##### MATERIAL FOR THIS TASK #####

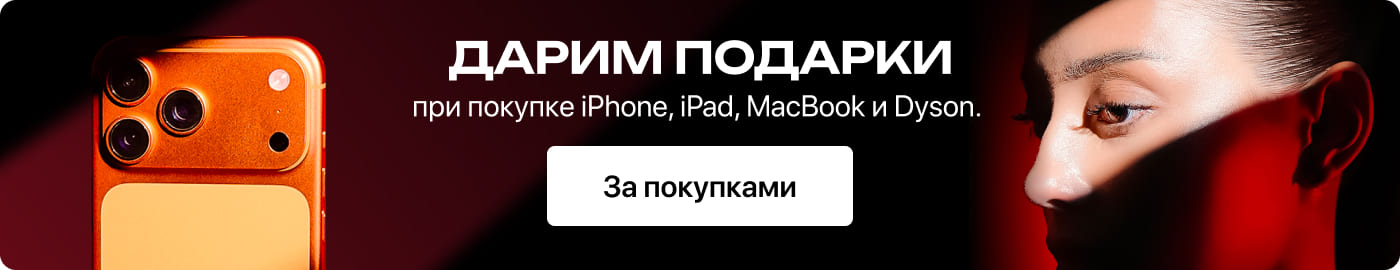 Черная пятница (в товарах) Черная пятница (в товарах)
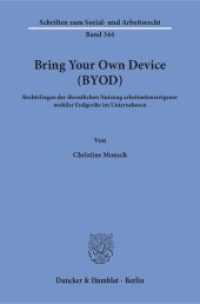 Bring Your Own Device (BYOD) : Rechtsfragen der dienstlichen Nutzung arbeitnehmereigener mobiler Endgeräte im Unternehmen. Dissertationsschrift (Schriften zum Sozial- und Arbeitsrecht 344) （2017. 193 S. 233 mm）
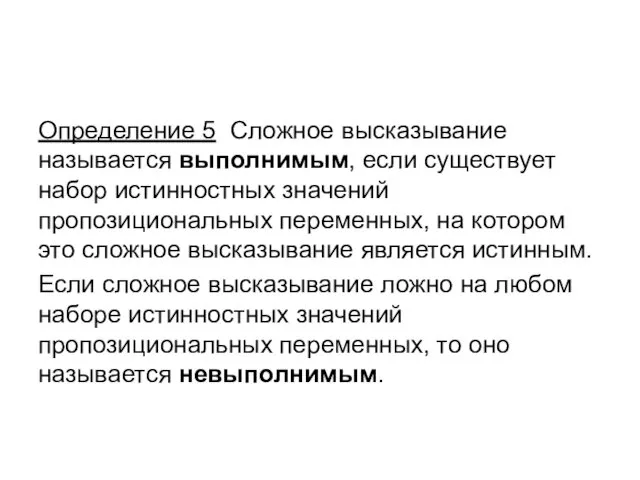 Определение 5 Сложное высказывание называется выполнимым, если существует набор истинностных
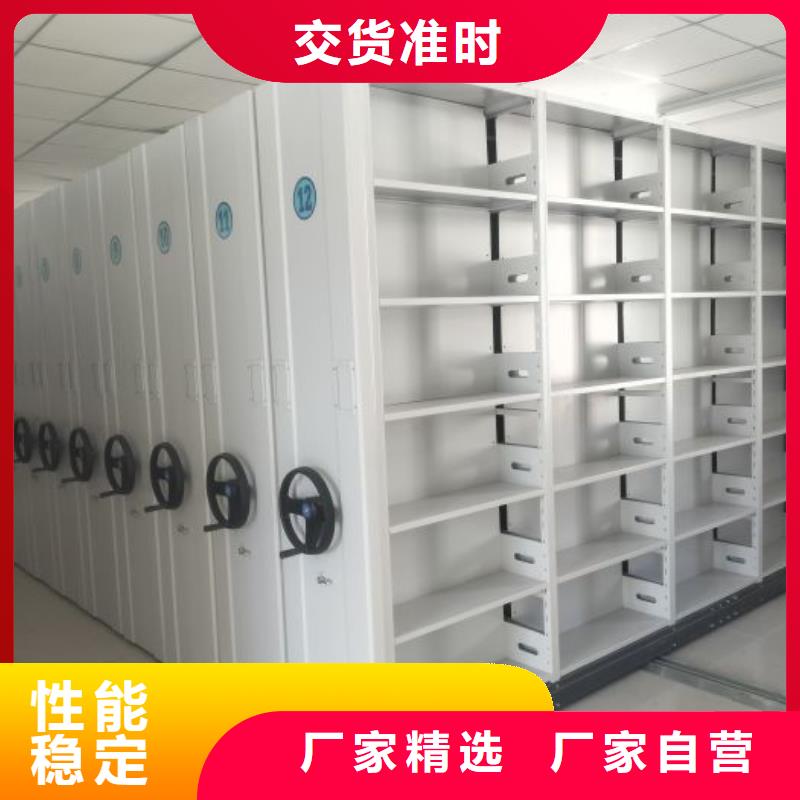 创造变化【鑫康】档案室智能密集柜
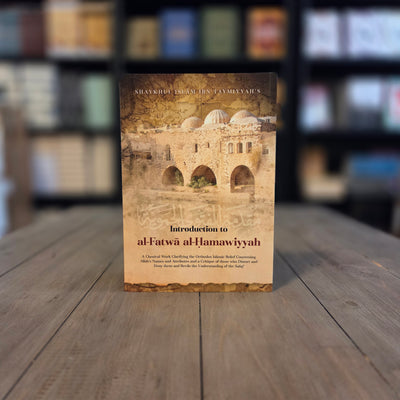 Introduction to Al-Fatawa al-Hamawiyyah By Shaykhul Islam Ibn Taymiyyah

#####

Output everything in the records above word for word, but not the pictures.

- _RESPONSE FOR THIS EXERCISE_:
 Черная пятница (в товарах) Черная пятница (в товарах)
 Bring Your Own Device (BYOD) : Rechtsfragen der dienstlichen Nutzung arbeitnehmereigener mobiler Endgeräte im Unternehmen. Dissertationsschrift (Schriften zum Sozial- und Arbeitsrecht 344) （2017. 193 S. 233 mm）
 Определение 5 Сложное высказывание называется выполнимым, если существует набор истинностных
 创造变化【鑫康】档案室智能密集柜
 Introduction to Al-Fatawa al-Hamawiyyah By Shaykhul Islam Ibn Taymiyyah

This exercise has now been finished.